Nie pozostaje nam nic innego jak poczekać kilka miesięcy, na te letnie dni. Na osłodę mam dla
Was bardzo prosty przepis na szarlotkę. To nasze ulubione ciasto.
Składniki na szarlotkę:
3 szklanki mąki
1 szklanka cukru
1 palma
5 żółtek
1 cukier waniliowy
2 łyżki proszku do pieczenia
Jabłka ok. 1 kg (ja jestem za leniwa i kupuję gotowe jabłka)
Beza:
5 białek
1 szklanka cukru
Szczypta soli
Wszystkie składniki do miski i ładnie zagnieść. Potem ciasto podzielić.

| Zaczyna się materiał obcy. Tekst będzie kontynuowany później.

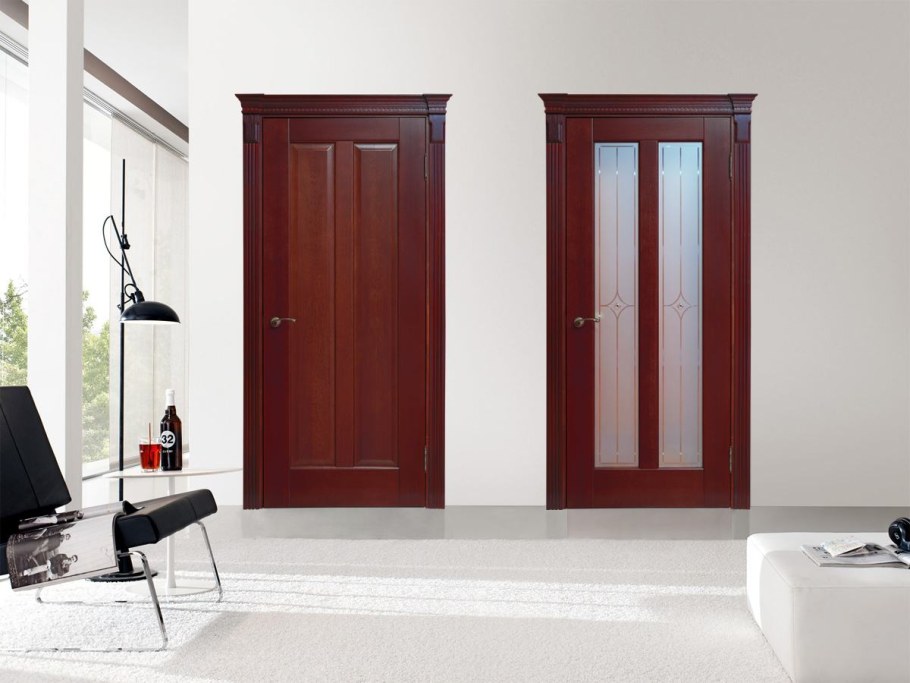 Бордовые двери в интерьере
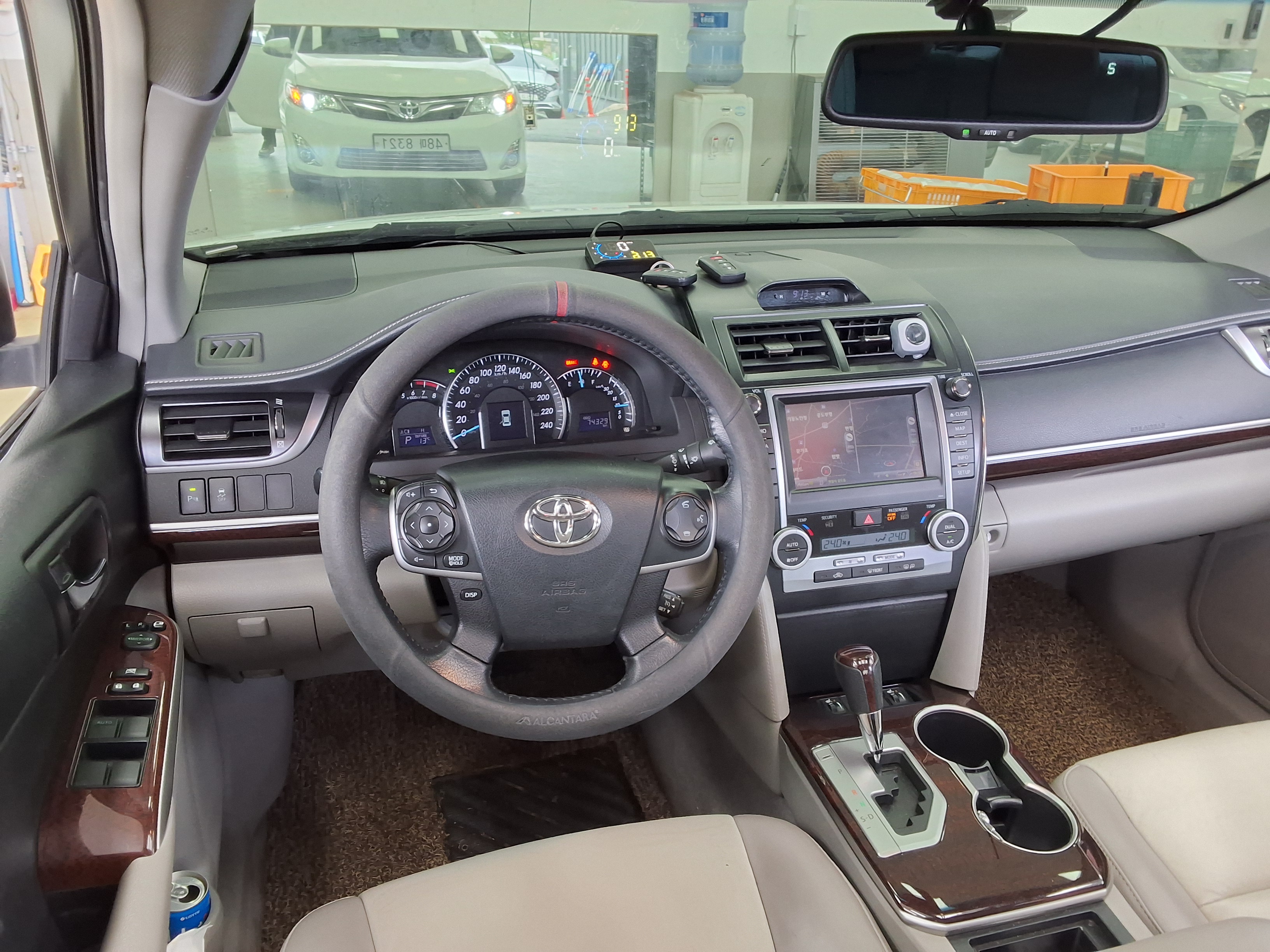 Toyota Camry - 10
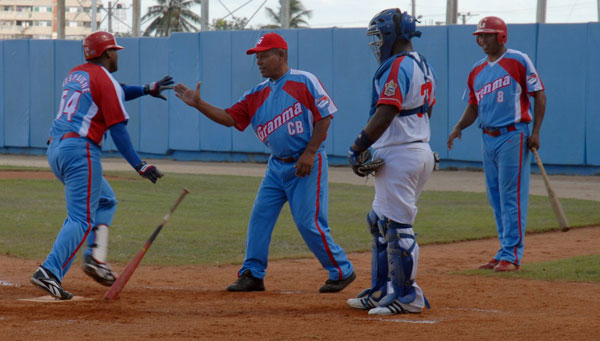Alfredo Despaigne líder en cuadrangulares
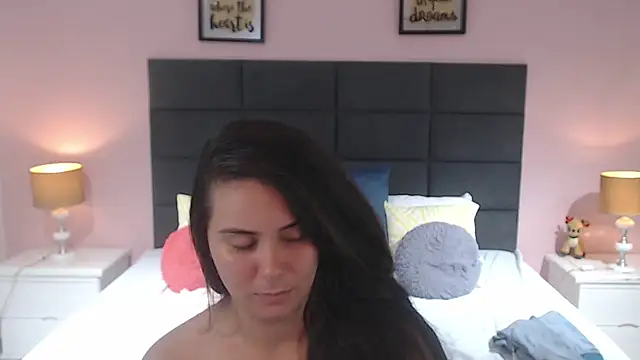 MadisonJenner online show from February 6, 5:40 pm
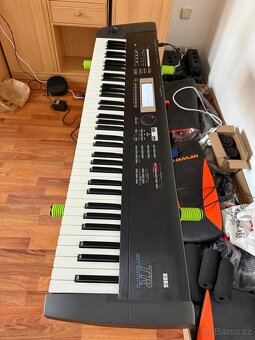 Korg TR76 - 6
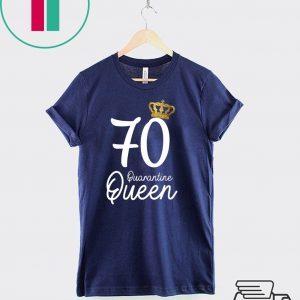 Born in 1950 My 70th Birthday Quarantine Queen Social Distancing Birthday 2020 T-Shirt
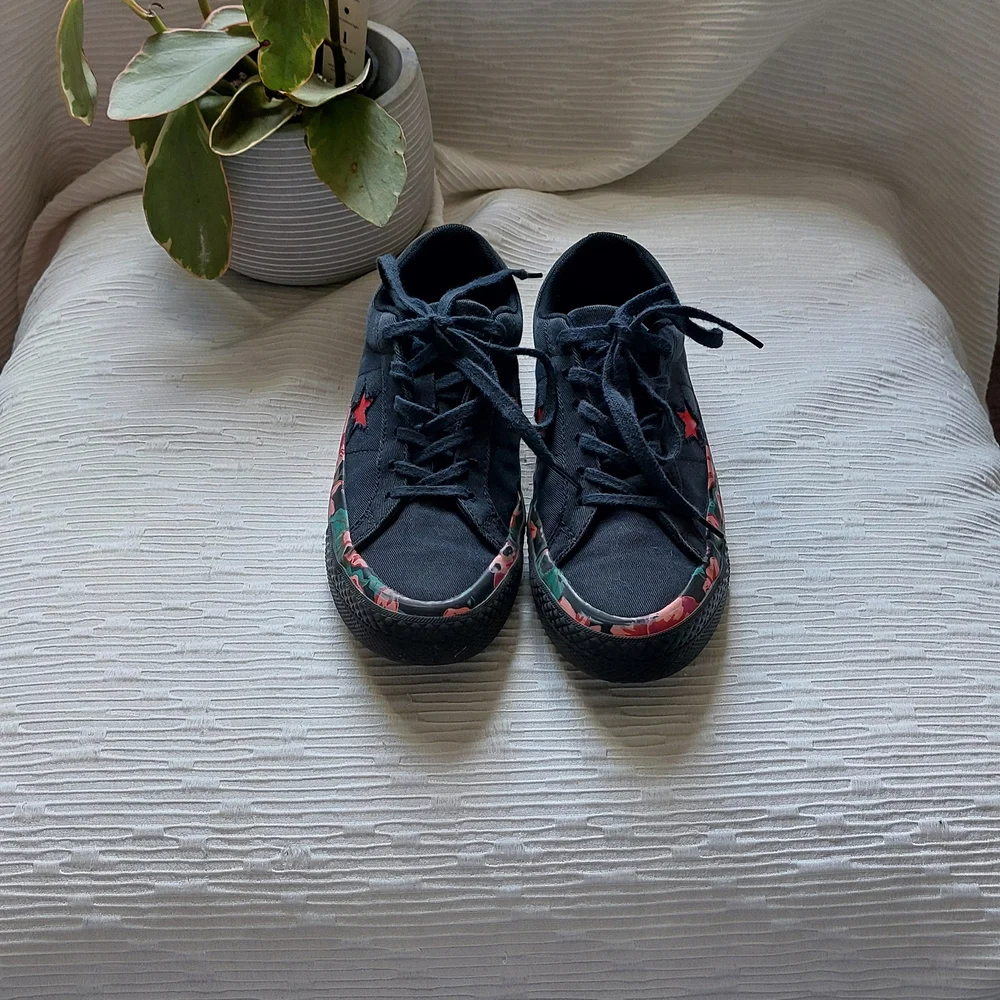 Black and Red Converse Sneakers Size 4 - Picture 8 of 13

Blaszkę wysmarować masłem, ciastem, a na górę rozłożyć jabłka.
Ubijamy białka z solą na sztywną pianę i dodajemy cukru. Wykładamy na jabłka.
Kawałek ciasta, który nam został, ścieramy na tarce.
Ciasto trafia do nagrzanego piekarnika na 1 godzinę. Na początku temperatura to 200°C (przez
10 minut), a potem skręcamy do 170°C
Po godzinie wyciągamy cieplutkie, pachnące ciasto, robimy kawę, ubijamy śmietanę i zarządzamy
chillout. SmAcZnEgO!!!!
Nie martwcie się tym rokiem szkolnym. Razem damy radę to przetrwać.